Pepper spray is an invaluable resource in all sorts of situations. Police use it to subdue unruly criminals. Women use it to fight off unwanted advances from date-rapey frat boys. The TSJ staff uses it to spice up our yearly chili cook-off. The list goes on and on.
But pepper spray isn’t without its drawbacks. For example, maybe because it amounts to throwing food in someone’s face, people tend to get a little trigger happy with pepper spray. That’s when stuff like this happens. Here are five things you won’t believe got hit with pepper spray.
Two Actors Hugging On a Sidewalk
In Shreveport, Louisiana, Josh Brolin and Jeffrey Wright were enjoying a night out with some of the cast and crew of the movie W, or at least enjoying it as much as one can be expected to enjoy a night in Shreveport, Louisiana. Apparently, an altercation broke out at some point inside the bar they were at. A bar fight is certainly a reasonable enough place to break out the pepper spray, but by the time police get around to Josh Brolin and Jeffrey Wright, the two actors were standing on the sidewalk hugging.
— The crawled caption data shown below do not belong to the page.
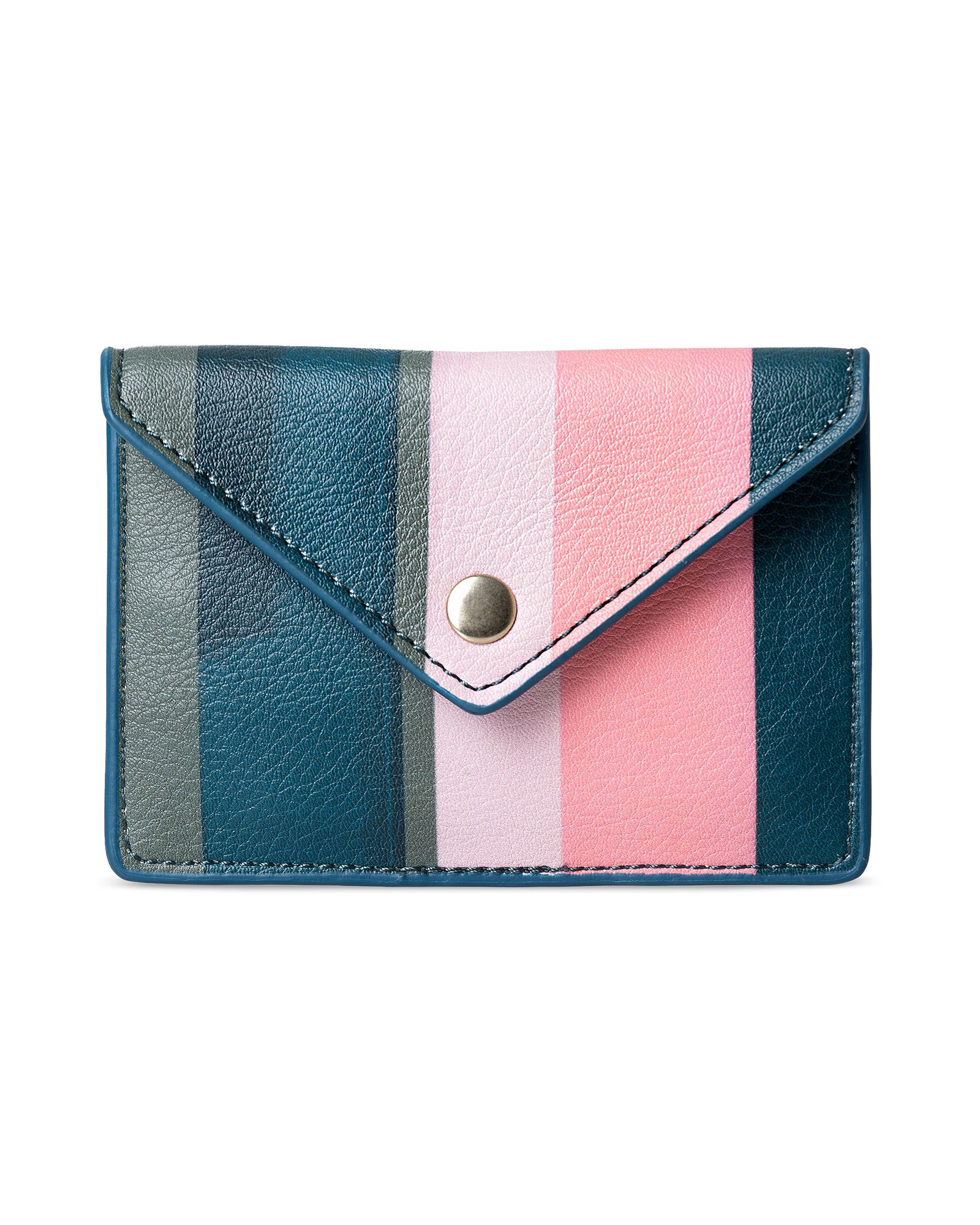 Striped Card Holder Oliver Bonas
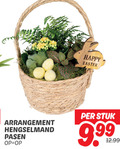 klik op dit plaatje voor een vergroting en voor vergelijkbare aanbiedingen gerelateerd aan ` happy easter arrangement hengselmand pasen stuk ` happy easter arrangement hengselmand pasen stuk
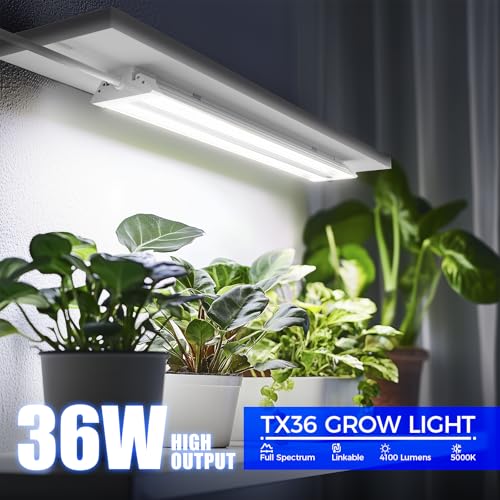 TX36 2FT LED Grow Light (4 Count)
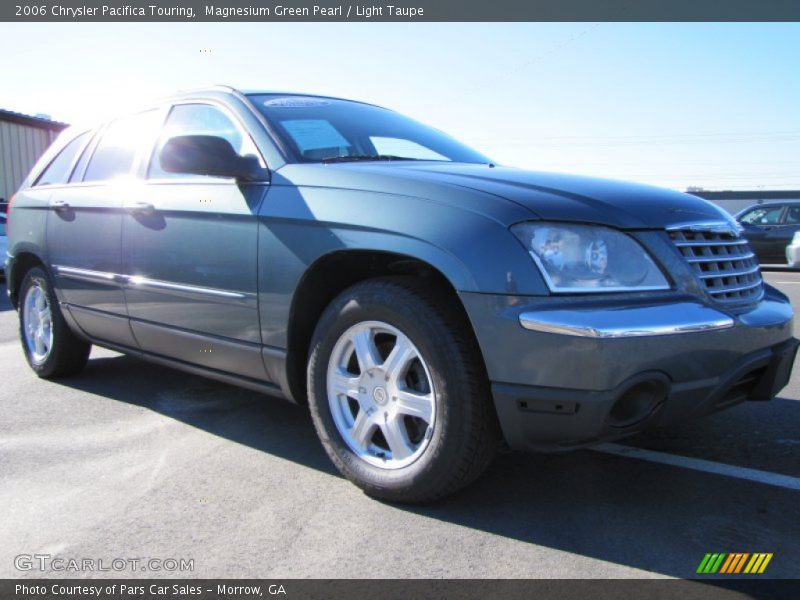 Magnesium Green Pearl / Light Taupe 2006 Chrysler Pacifica Touring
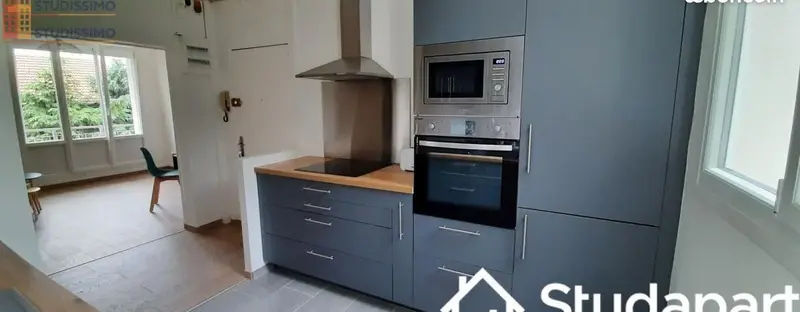 Studio meublé 10m² Nancy 54000 - DPE A - Photo 3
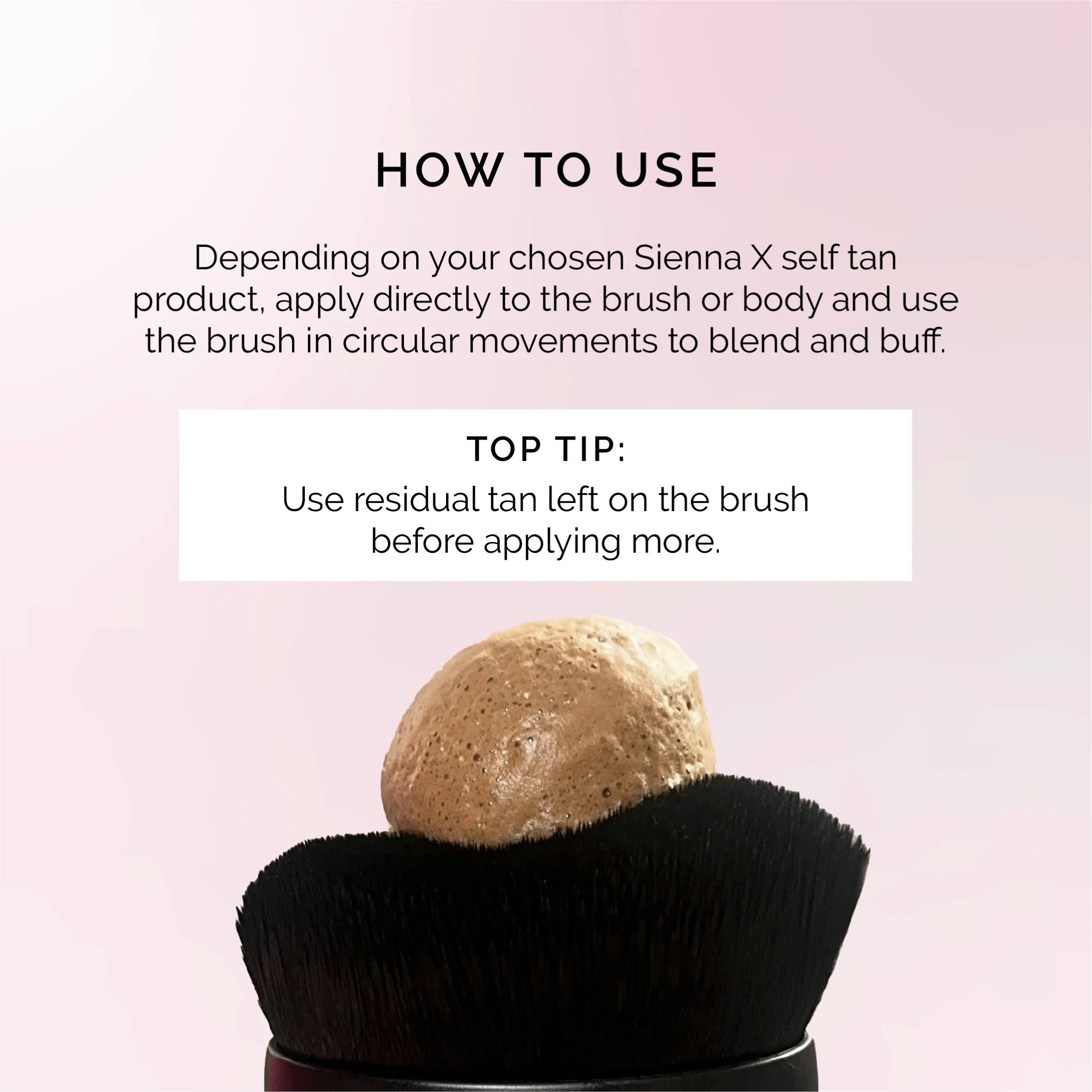 Sienna X Self Tan Body Brush | How To Use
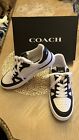 Coach Leather Women’s Sneakers Size 8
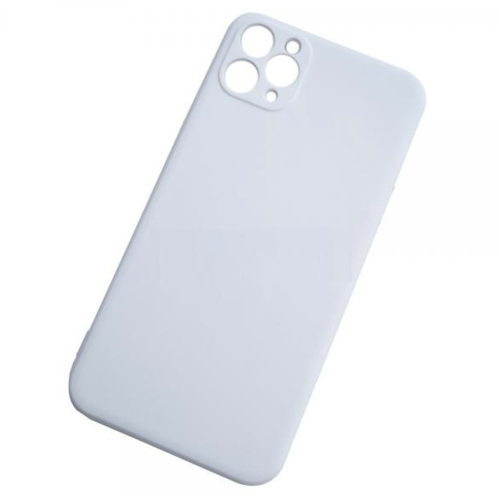 Бял Калъф силикон X-Level MAGIC за iPhone 12 Mini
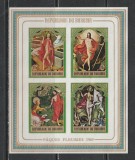 Burundi 1969 - Sfintele Pasti NEDANTELATA M/S 1v MNH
Sensing that danger was most certainly afoot during this public display of man-fection, a police officer casually strolls up and hits Brolin dead in the grill with a blast of pepper spray. Either Brolin is one tough as nails son of a bitch or the pepper in said spray was a green pepper, because the actor just kind of stands there and asks the police to stop. Meanwhile, Jeffrey Wright is taken to the side, laid out on the ground and repeatedly hit with a taser, you know, because he’s black and therefore exponentially more dangerous.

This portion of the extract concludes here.